INPUT DATA Start Marker

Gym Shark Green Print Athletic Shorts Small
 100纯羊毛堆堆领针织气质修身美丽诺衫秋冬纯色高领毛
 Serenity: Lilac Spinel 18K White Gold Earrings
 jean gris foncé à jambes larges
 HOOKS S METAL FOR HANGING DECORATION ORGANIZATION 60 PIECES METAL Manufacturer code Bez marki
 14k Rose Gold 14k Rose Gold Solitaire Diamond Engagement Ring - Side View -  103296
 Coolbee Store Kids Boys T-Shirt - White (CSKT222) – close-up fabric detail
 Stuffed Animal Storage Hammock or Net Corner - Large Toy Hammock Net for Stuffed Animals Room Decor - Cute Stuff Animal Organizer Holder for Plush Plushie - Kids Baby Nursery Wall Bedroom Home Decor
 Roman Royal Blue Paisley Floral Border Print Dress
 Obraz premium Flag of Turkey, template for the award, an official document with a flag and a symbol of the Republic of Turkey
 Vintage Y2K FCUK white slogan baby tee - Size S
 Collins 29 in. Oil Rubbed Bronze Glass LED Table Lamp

INPUT DATA End Marker

Where the string "Print" occurs in a line of the listing, copy the line.

● COMPLETED EXERCISE
Gym Shark Green Print Athletic Shorts Small
 Roman Royal Blue Paisley Floral Border Print Dress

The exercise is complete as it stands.